(Task description): Without including any pictures, write out all the records word for word.

==*==

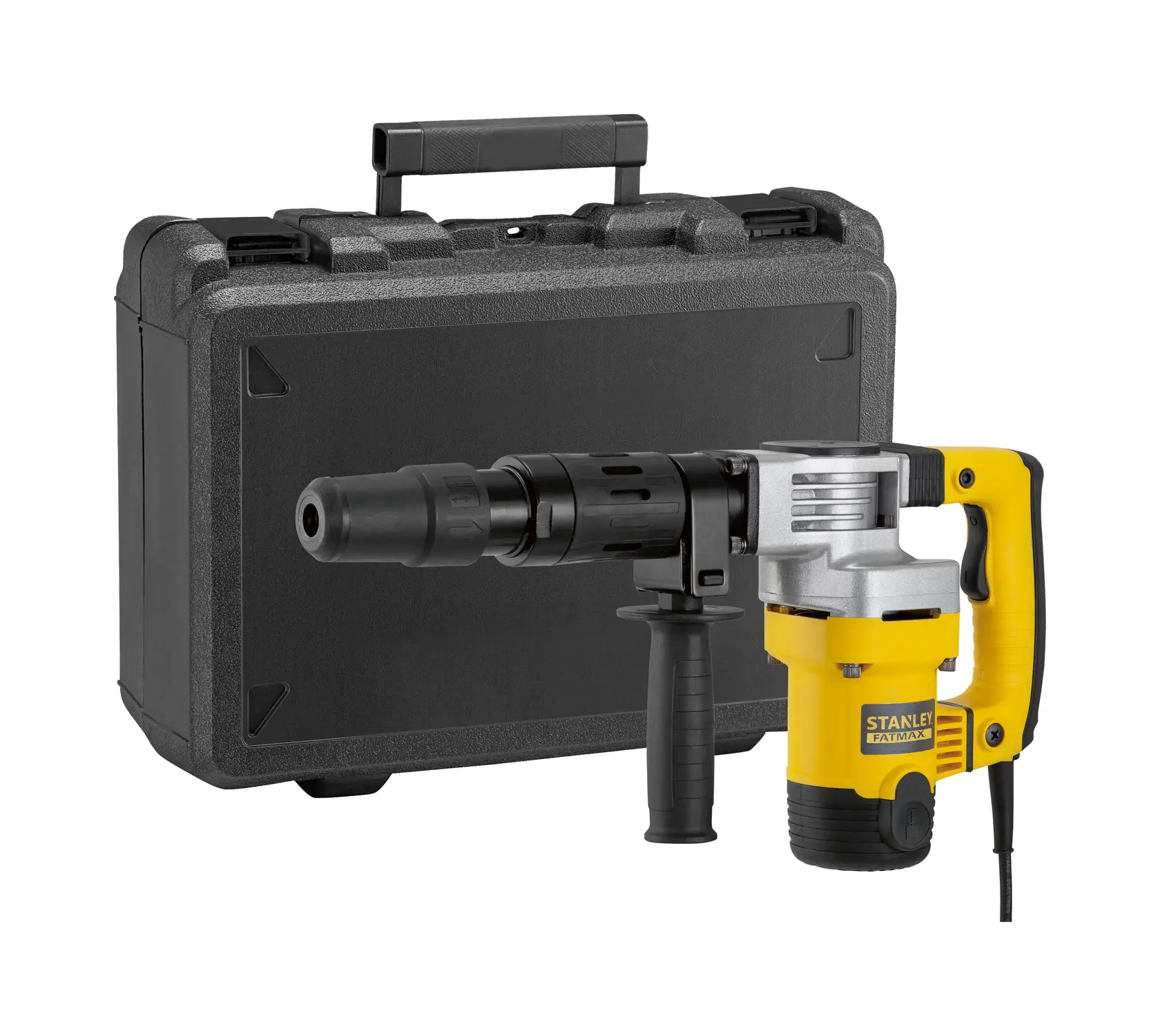 STANLEY SFMEH220K kabelgebundener Bohrhammer mit schwarzem Transportkoffer, Vorderansicht auf weißem Hintergrund.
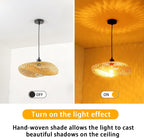 Bamboo Lampshade Light Straw Retro Hat Pendant Creativity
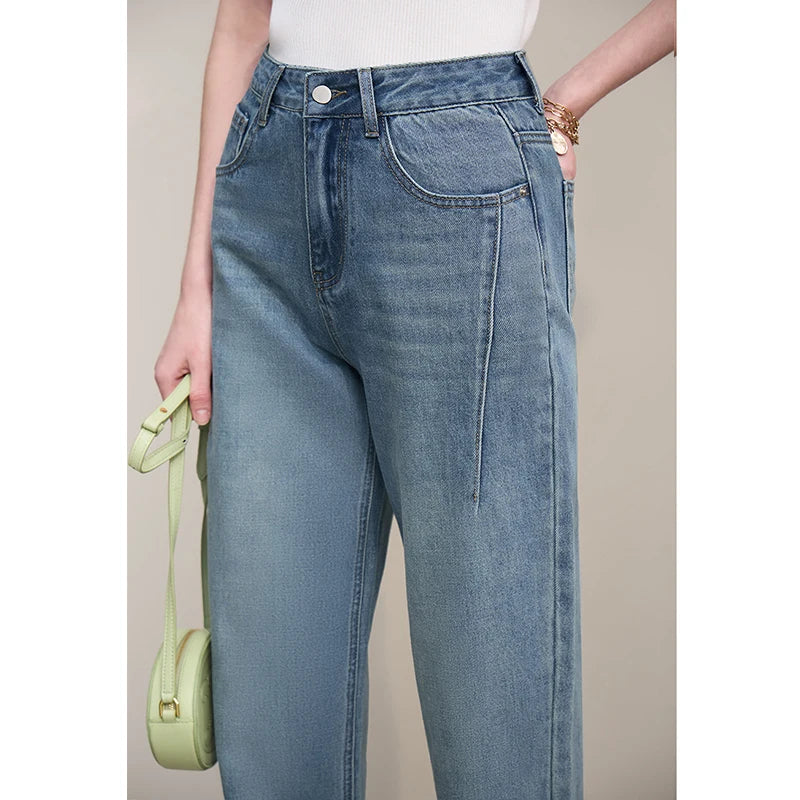 Amii Straight-leg Pants 2026 Autumn New Solid Color Casual Washed Denim Trousers Versatile Basic Cotton Women's Pants 12621040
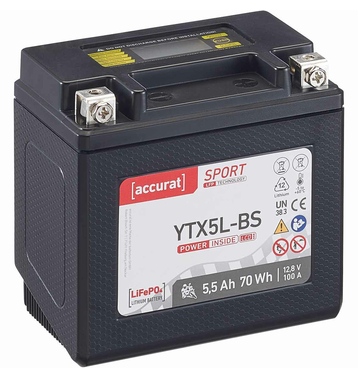 Accurat Sport LFP YTX5L-BS 5,5 Ah Batterie de moto au lithium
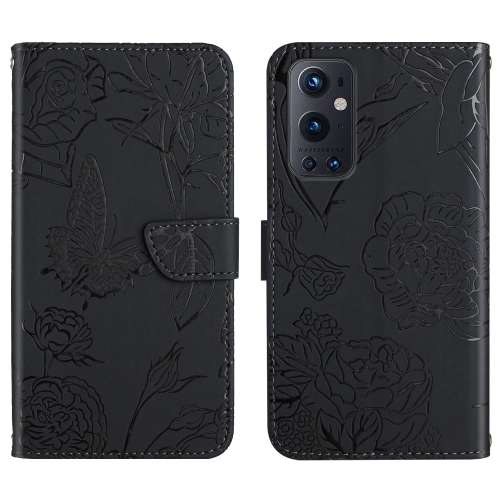 

For OnePlus 9 Pro Skin Feel Butterfly Peony Embossed Leather Phone Case(Black)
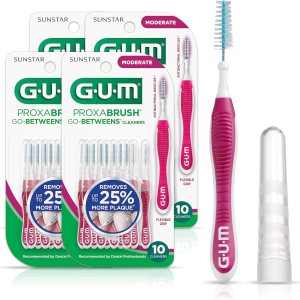GUM Proxabrush Go-Betweens – Cepillos interdentales moderados entre dientes, púas dentales para eliminación de placa, seguro para aparatos GUM Proxabrush Go-Betweens – Cepillos interdentales moderados entre dientes, púas dentales para eliminación de placa, seguro para aparatos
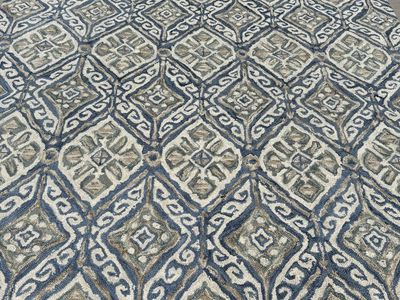 Large 100% blue wool area rug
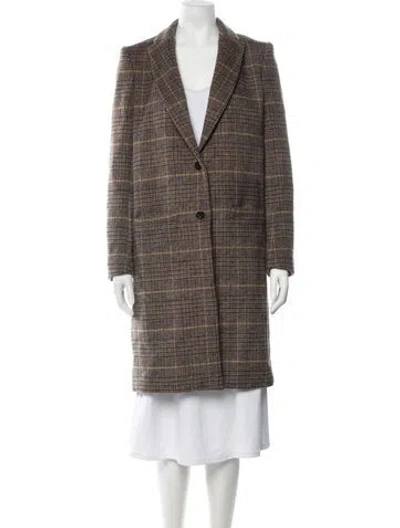 Pre-owned Emerson Fry Wool Plaid Print Coat In Brown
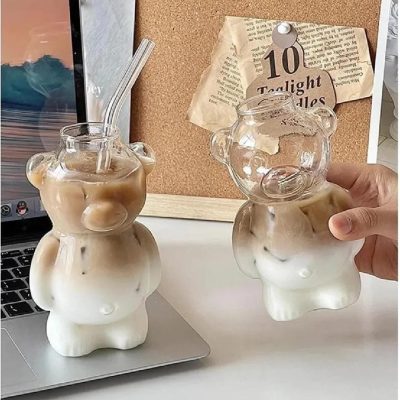 Bear Shaped Coffee Mug Cute Bear Cup With Straw Transparent Creative Glass Juice Cup Milky Tea Cup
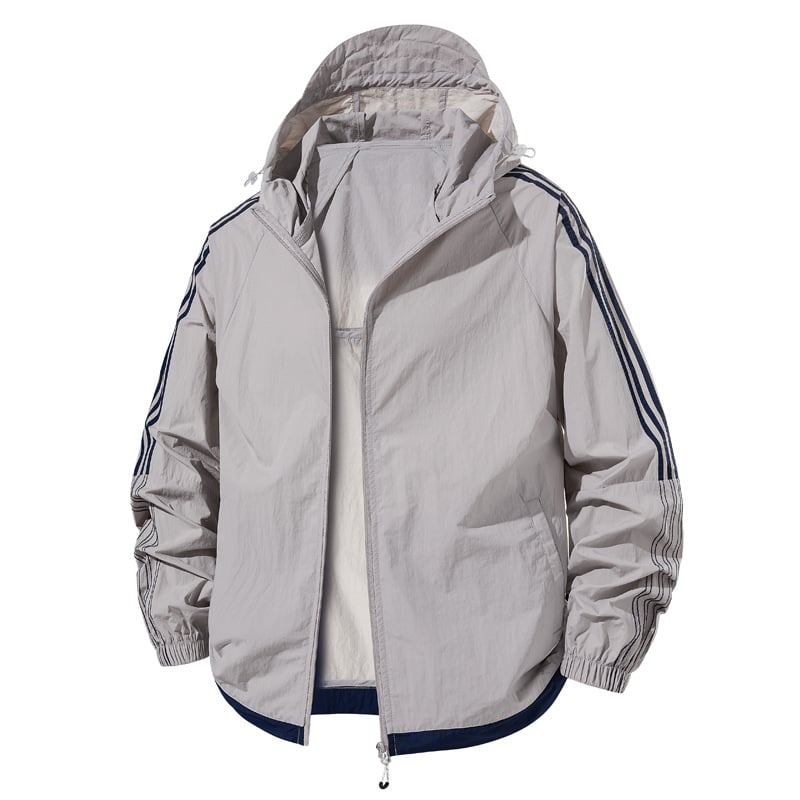 Jachetă de protecție solară cu glugă, țesătură subțire, 100% poliester, fermoar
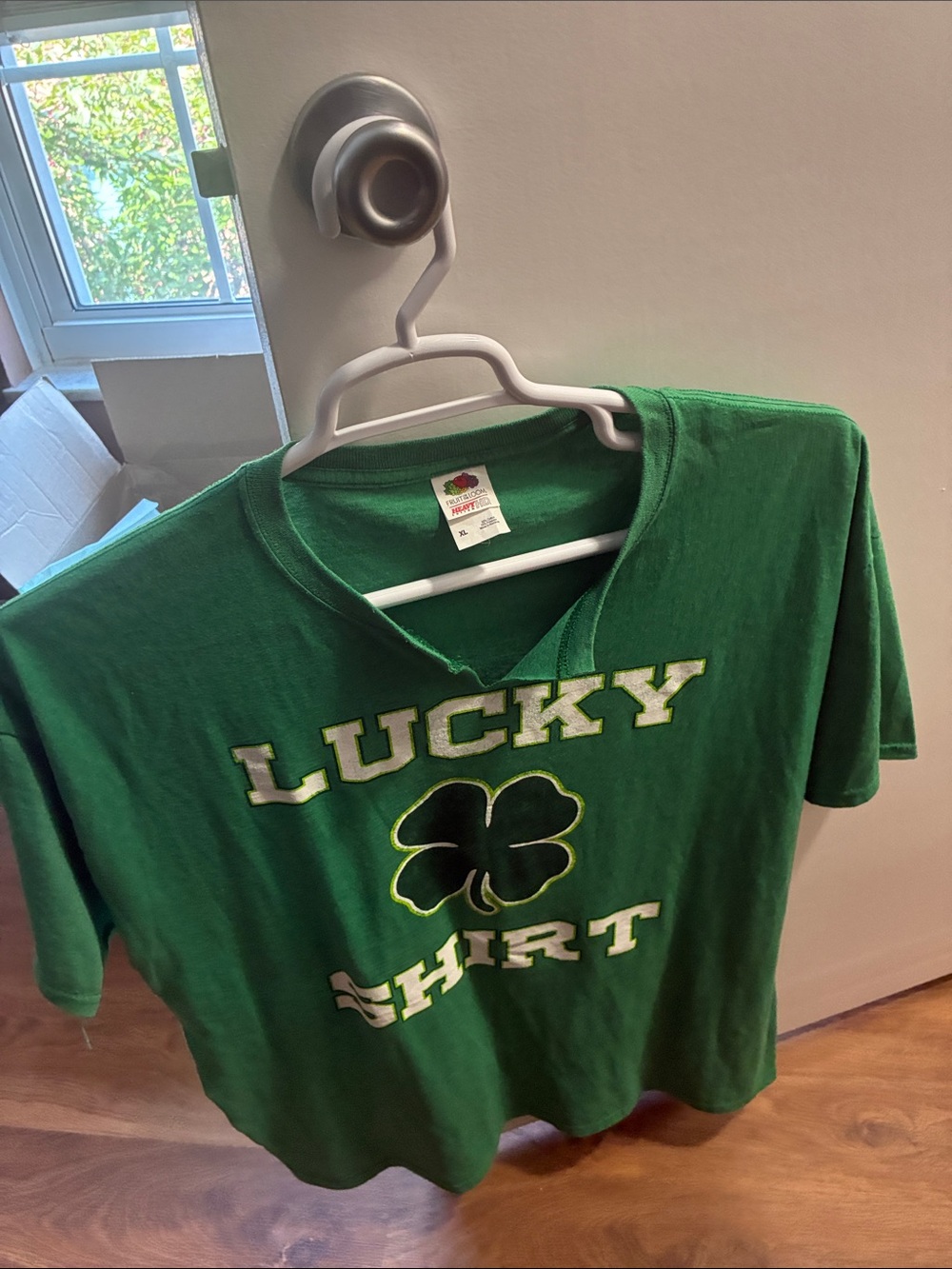 Fruit of the Loom Green Tee with Shamrock "Lucky Shirt" Graphic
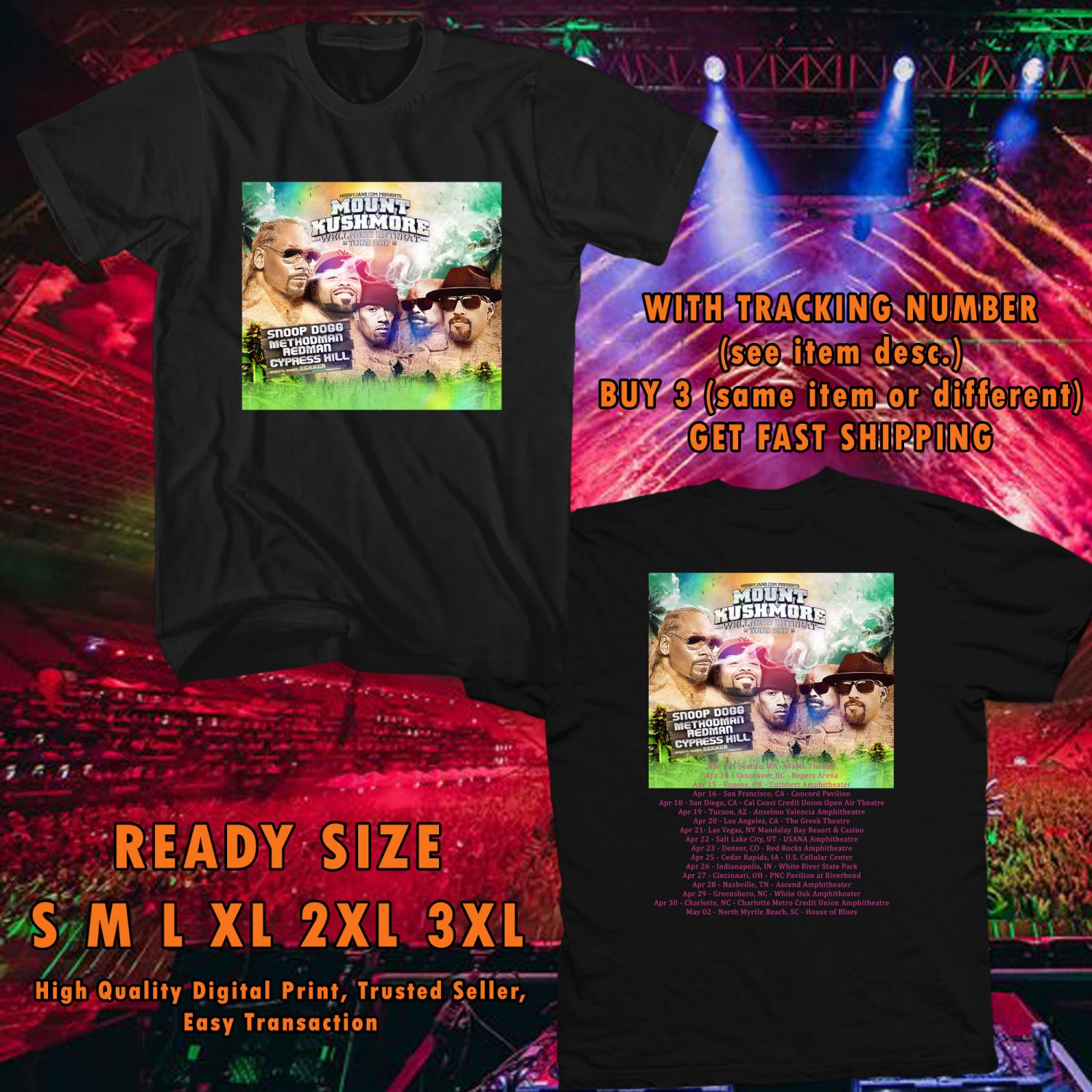 NEW SNOOP DOGG MOUNT KUSHMORE WELLNESS RETREAT TOUR 2017 black TEE 2 SIDE DMTR 554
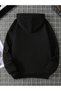 HOODED BLACK PATI PRINTED SWEATSHIRT HOODIE - 2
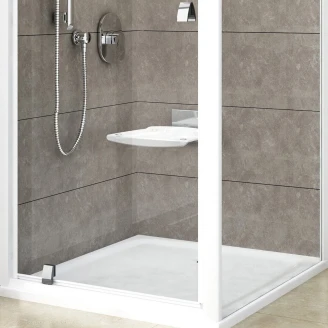 Ravak Dusjkabinett Pivot 80x80 cm Hvit-Krom Blank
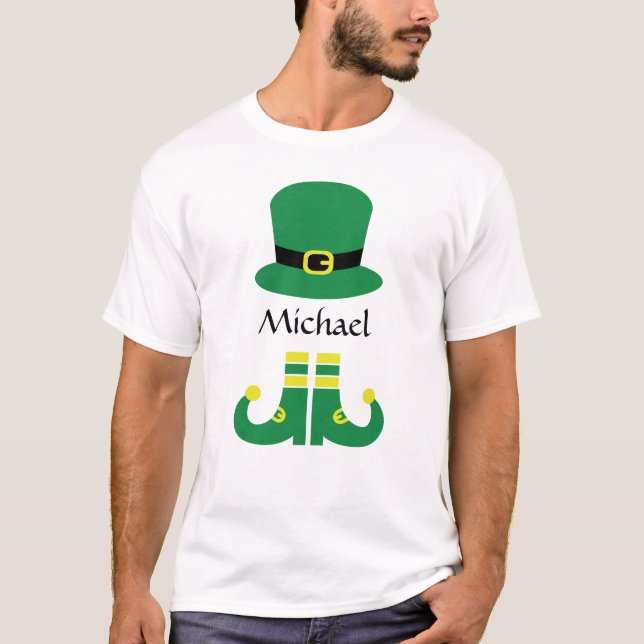 Camiseta Cute Leprechaun Gorra Añadir nombre de los hombres (Anverso)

==*==

(Answer for this exercise):
 STANLEY SFMEH220K kabelgebundener Bohrhammer mit schwarzem Transportkoffer, Vorderansicht auf weißem Hintergrund.
 Bamboo Lampshade Light Straw Retro Hat Pendant Creativity
 Amii Straight-leg Pants 2026 Autumn New Solid Color Casual Washed Denim Trousers Versatile Basic Cotton Women's Pants 12621040
 Accurat Sport LFP YTX5L-BS 5,5 Ah Batterie de moto au lithium

For OnePlus 9 Pro Skin Feel Butterfly Peony Embossed Leather Phone Case(Black)
GUM Proxabrush Go-Betweens – Cepillos interdentales moderados entre dientes, púas dentales para eliminación de placa, seguro para aparatos GUM Proxabrush Go-Betweens – Cepillos interdentales moderados entre dientes, púas dentales para eliminación de placa, seguro para aparatos
 Large 100% blue wool area rug
 Pre-owned Emerson Fry Wool Plaid Print Coat In Brown
 Bear Shaped Coffee Mug Cute Bear Cup With Straw Transparent Creative Glass Juice Cup Milky Tea Cup
 Jachetă de protecție solară cu glugă, țesătură subțire, 100% poliester, fermoar
 Fruit of the Loom Green Tee with Shamrock "Lucky Shirt" Graphic
 NEW SNOOP DOGG MOUNT KUSHMORE WELLNESS RETREAT TOUR 2017 black TEE 2 SIDE DMTR 554
 HOODED BLACK PATI PRINTED SWEATSHIRT HOODIE - 2
 Ravak Dusjkabinett Pivot 80x80 cm Hvit-Krom Blank
 Camiseta Cute Leprechaun Gorra Añadir nombre de los hombres (Anverso)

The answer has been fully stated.